- [The task] The reply should contain every line of the data, repeated exactly, and no pictures.

Captioned web image data
____________________

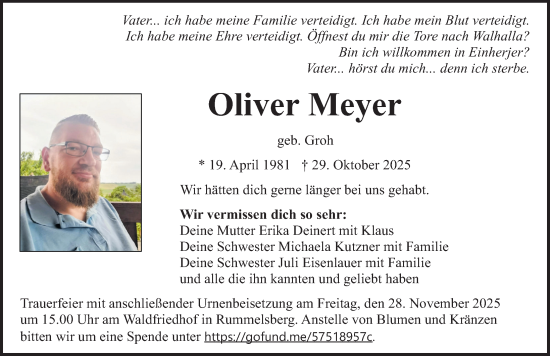 Traueranzeige von Oliver Meyer von Neumarkter Nachrichten Lokal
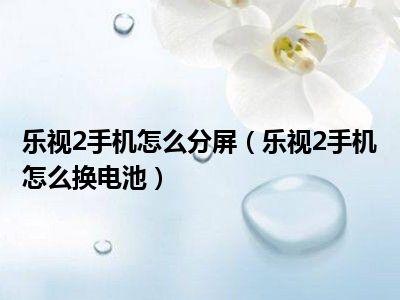 乐视2手机怎么分屏（乐视2手机怎么换电池）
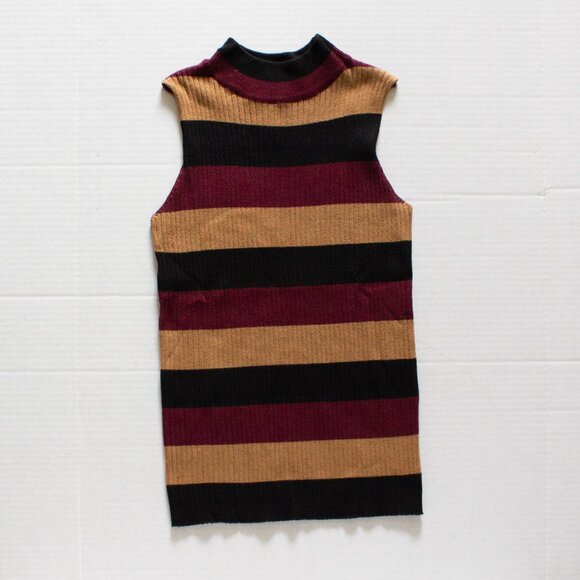 Questions? - Ribbed Knit Sleeveless Striped Mock Turtle Neck Sweater - Womens M - Picture 3 of 3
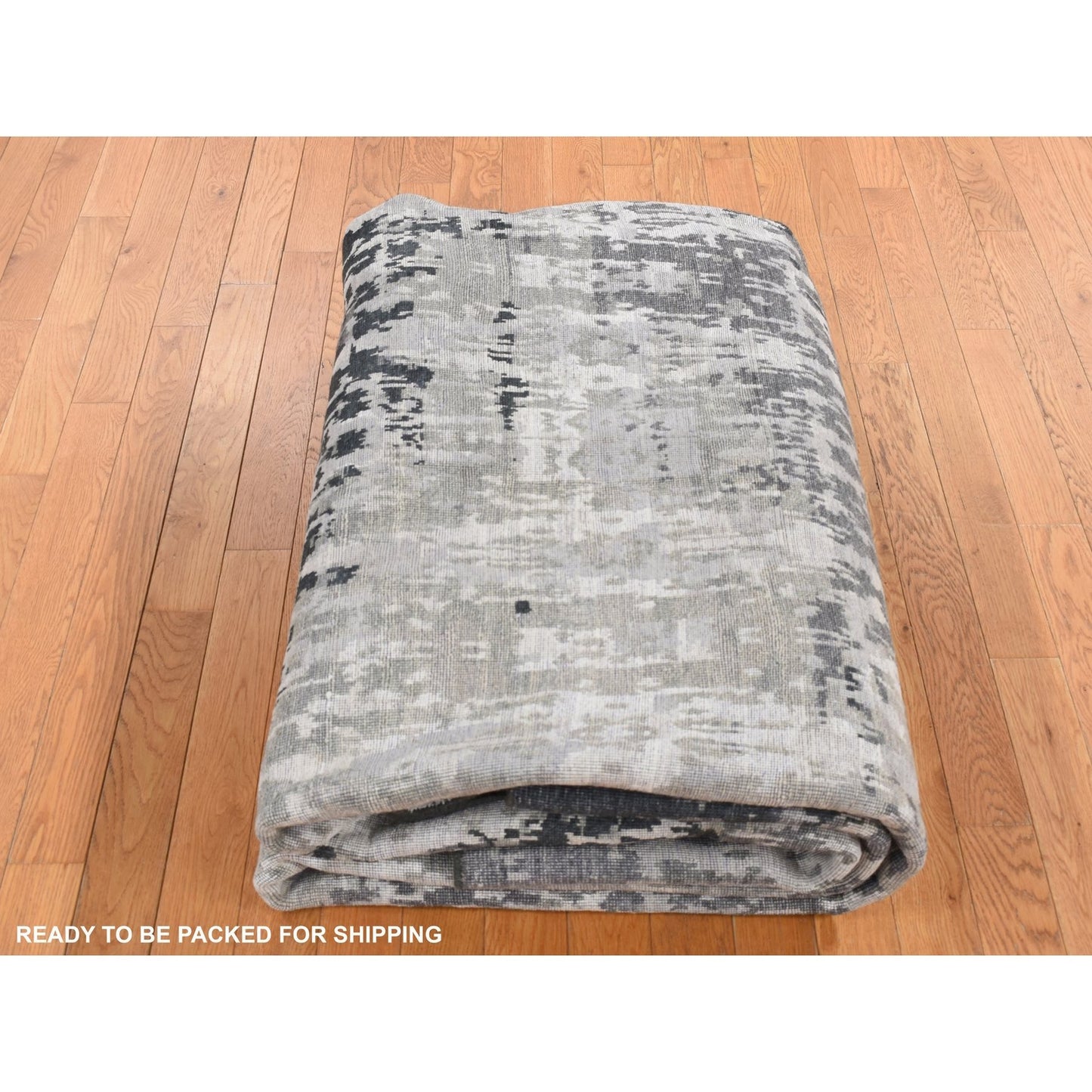 8'10"X11'8" Cloud Gray Erased Design Wool With Real Silk Hand Knotted Rug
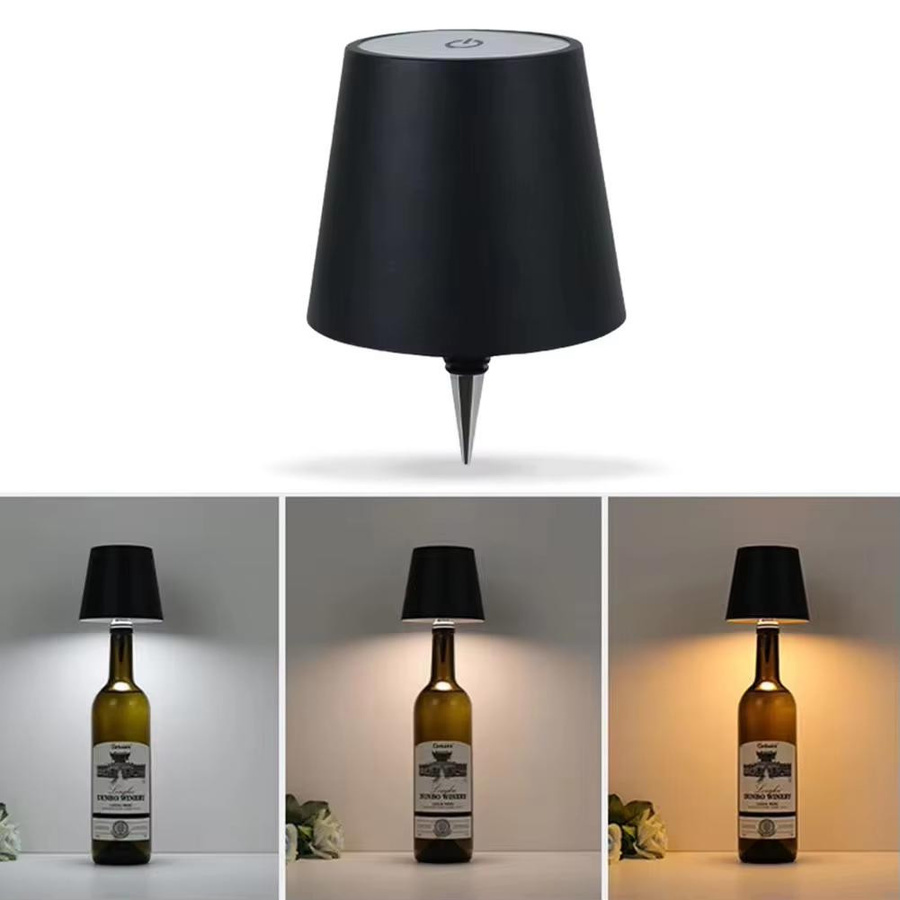 YJMP Super Lighting Kabellose LED-Weinflaschenlampe in Schwarz mit Touch-Steuerung, stufenlosem Dimmen und 3 Farbmodi als tragbare Tischlampe für Bar und Party-Dekor - Bild 6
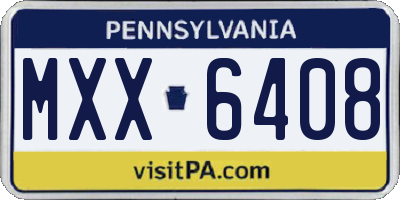 PA license plate MXX6408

____________________

- [Result for this task]
 Traueranzeige von Oliver Meyer von Neumarkter Nachrichten Lokal
 乐视2手机怎么分屏（乐视2手机怎么换电池）
 Questions? - Ribbed Knit Sleeveless Striped Mock Turtle Neck Sweater - Womens M - Picture 3 of 3
 8'10"X11'8" Cloud Gray Erased Design Wool With Real Silk Hand Knotted Rug
 YJMP Super Lighting Kabellose LED-Weinflaschenlampe in Schwarz mit Touch-Steuerung, stufenlosem Dimmen und 3 Farbmodi als tragbare Tischlampe für Bar und Party-Dekor - Bild 6
 PA license plate MXX6408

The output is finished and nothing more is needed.